At $5 million, the budget Gray voters will consider at the annual town meeting Saturday, May 3, is an increase over last year.
It is the increased use of town surplus funds that has divided some town councilors.
The budget, broken into 24 warrant articles, will be voted on beginning at 9 a.m. at the Newbegin Center on Route 100.
The overall budget is a 2.6 percent change from this year’s $4.8 million spending plan, even though operating expenses are up by 11.25 percent.
Money from the town’s savings accounts, including the undesignated fund balance, would be used to fund operating expenses, as well as capital improvements or one-time expenses such as $260,000 to purchase the land for a new public safety station. A total of $640,000 from undesignated accounts will keep the total budget increase to 2.6 percent.
Town Councilor Marchian Crane is not in favor of using undesignated funds for operating expenses. He compared it to using your savings account to pay your electric bill.
“You can only do that so long before depleting your savings,” Crane said Tuesday.
Town Councilor Tracy Scheckel said Wednesday, “I am totally in support of this budget.” She said that the town’s total bank account is in excess of $7 million.
“We have a healthy undesignated fund balance,” Town Manager Deborah Cabana said Wednesday.

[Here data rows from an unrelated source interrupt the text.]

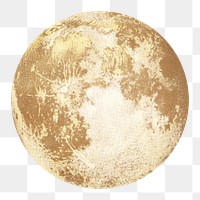 Full moon png chromolithograph, transparent background. Remixed by rawpixel.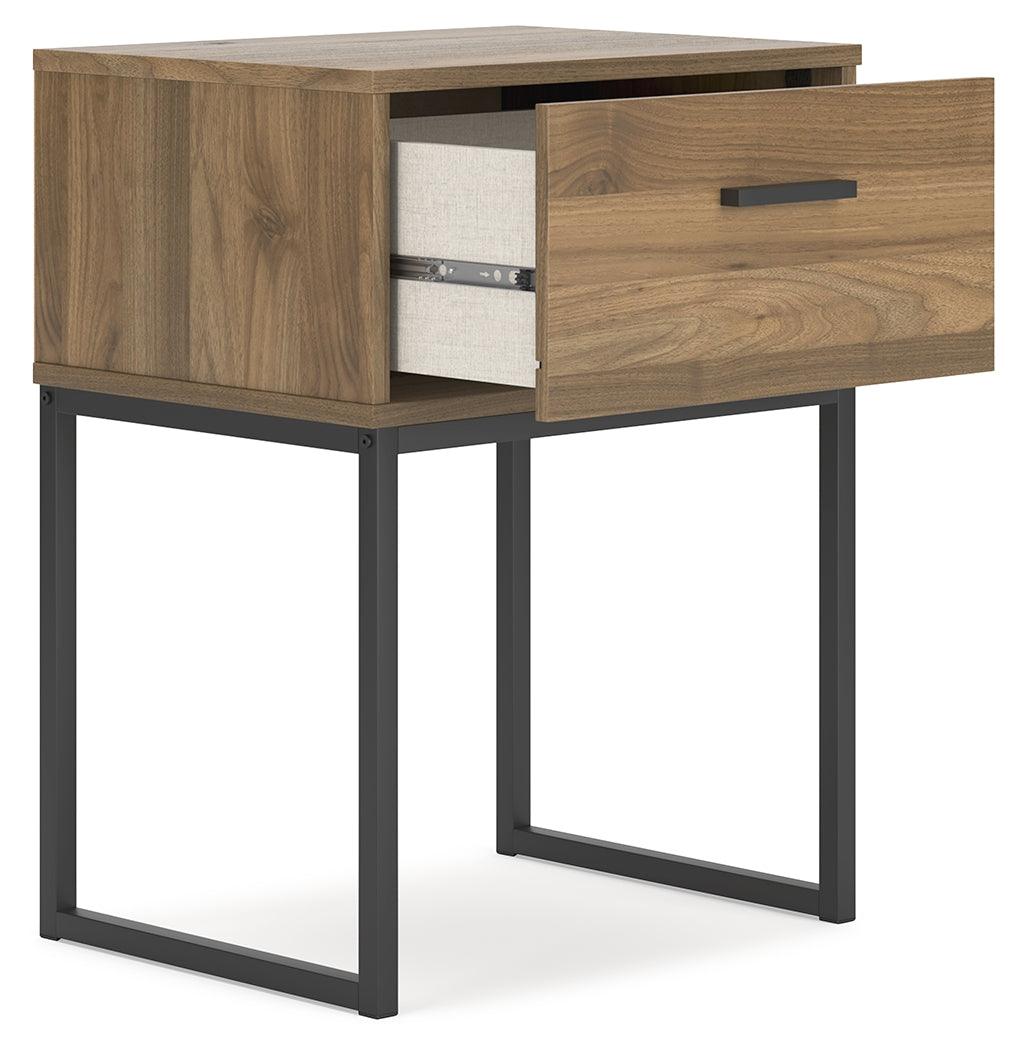 Detail of dark pewter-tone handle on Deanlow Nightstand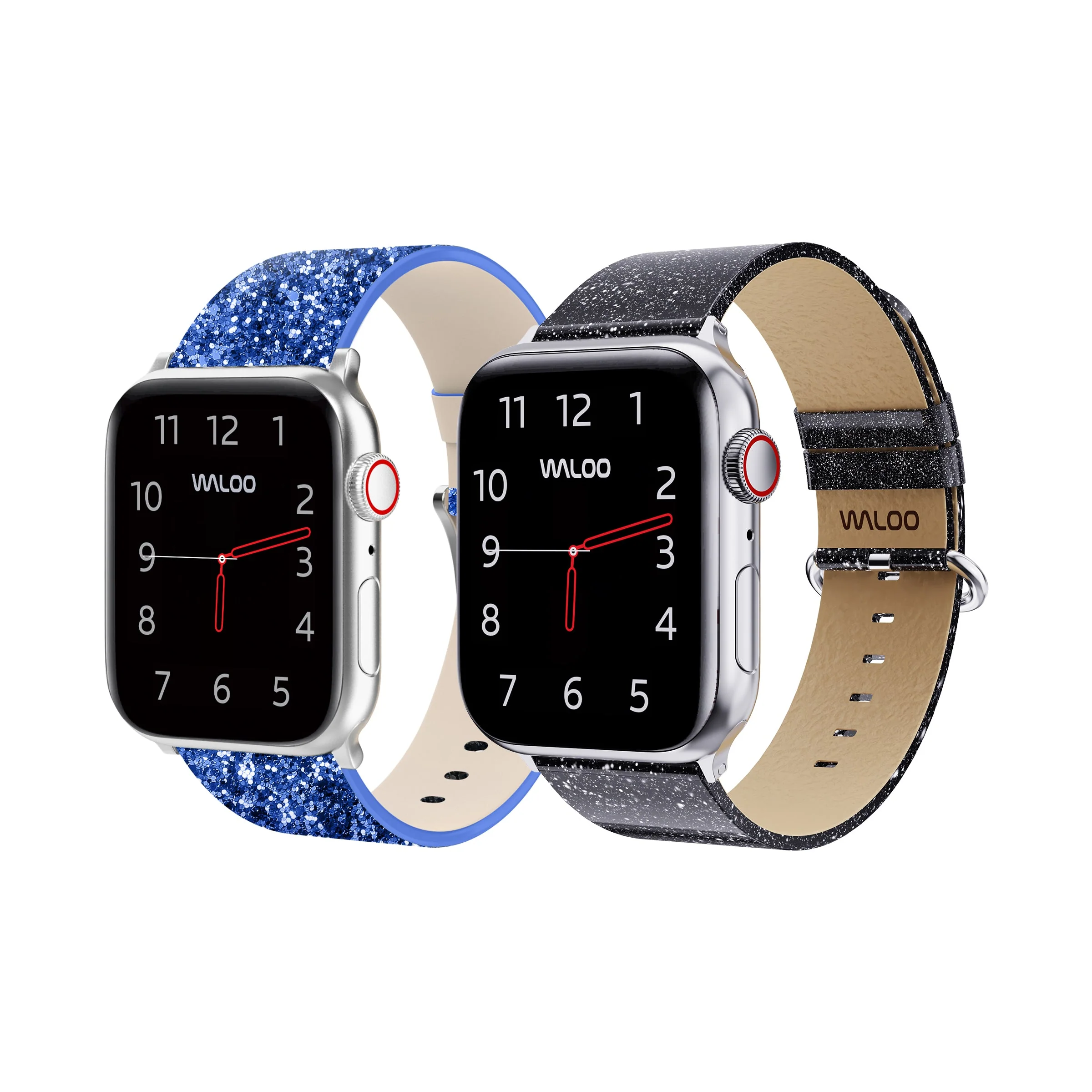 Waloo 2-Pack Leather Bling & Shiny Brilliance Leather Bands For Apple Watch - Image 8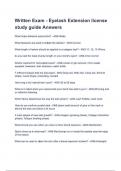 Written Exam - Eyelash Extension license study guide Answers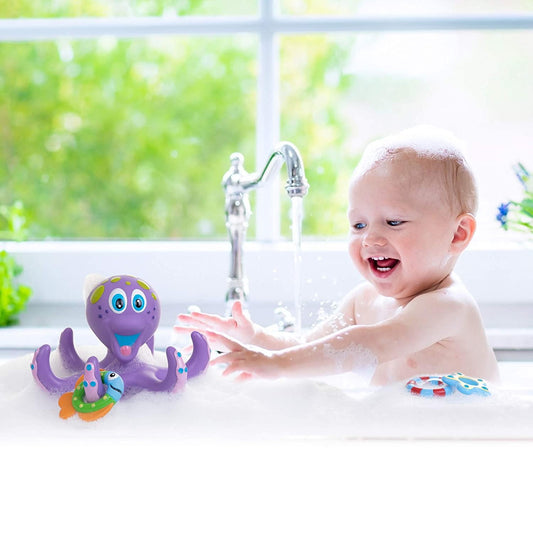 Nuby Floating Purple Octopus with 3 Hoopla Rings Interactive Bath Toy-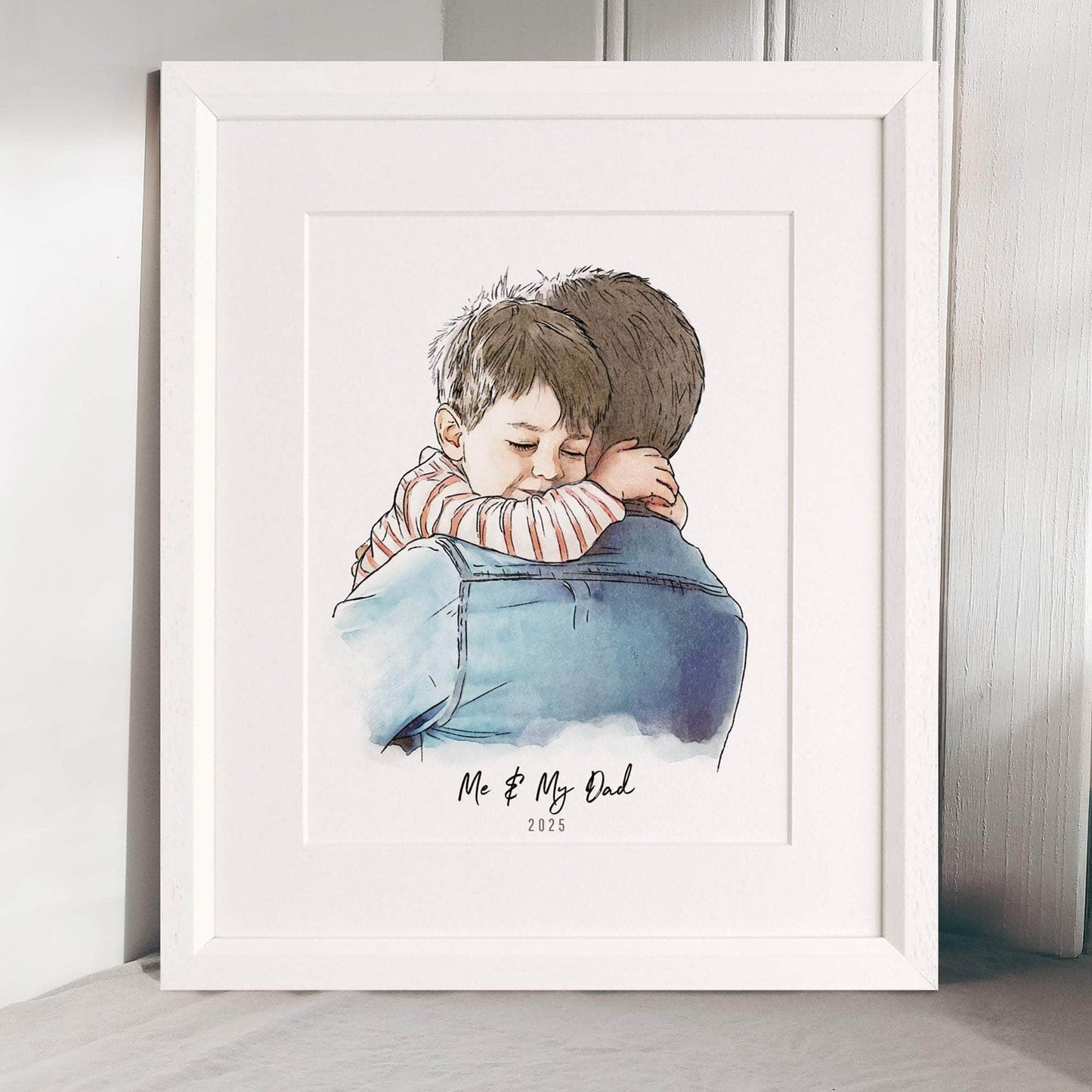 Daddy Line Portrait - Custom Portrait Art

The increased cost of fuel was the biggest challenge in putting together the budget, according to Cabana. Costs for heating town buildings and fueling town vehicles are up by more than $50,000 over this year’s budget. Other products are more expensive, as well.
“We’ve seen a major increase in products such as gravel, sand, and salt,” Cabana said.
Proposed expenses include $260,000 for a new rescue unit. Categories receiving the most money are administrative services, municipal finances, public safety services and public works.
Some late changes to the published warrant were made at an emergency Town Council meeting last Saturday. Scheckel said the meeting was called to correct a calculating error in Article 14.
During this meeting, town manager Cabana and town councilors Andy Upham, Deborah Mancini, Margaret Hutchins, and Scheckel also added an article to allow the town to exceed the state’s property tax levy limit.
If certain items on the budget using undesignated funds were voted down, Scheckel said, the town could be in violation of the property tax levy limit of more than $2.2 million established by state law. Instead of having to call a new town meeting to discuss this, the town councilors decided to add the additional article.
“I think the proposed budget is much too high,” Andy Upham, vice chairman of the town council, said Tuesday. “I don’t feel that the people of Gray can afford those things right now,” he said of the increase in operating expenses. Councilors Upham and Crane voted against the warrant at the town council meeting on April 15.
Several town positions are up for election on June 10. Town residents will select two, three-year Town Council seats. Marchian Crane, Peter Gellerson, Mark Grover, and Andrew Upham are running for these two seats.
For the balance of a three-year term, residents will choose from Philip Pulsifer, Tracy Scheckel, and Richard Walls. There are no contested seats for the School Administrative District 15 School Board and the Gray Water District.
Tod Bennett and Anne Rowe will run for the two three-year terms for the school district. Bruce Sawyer will run for the five-year term at the water district.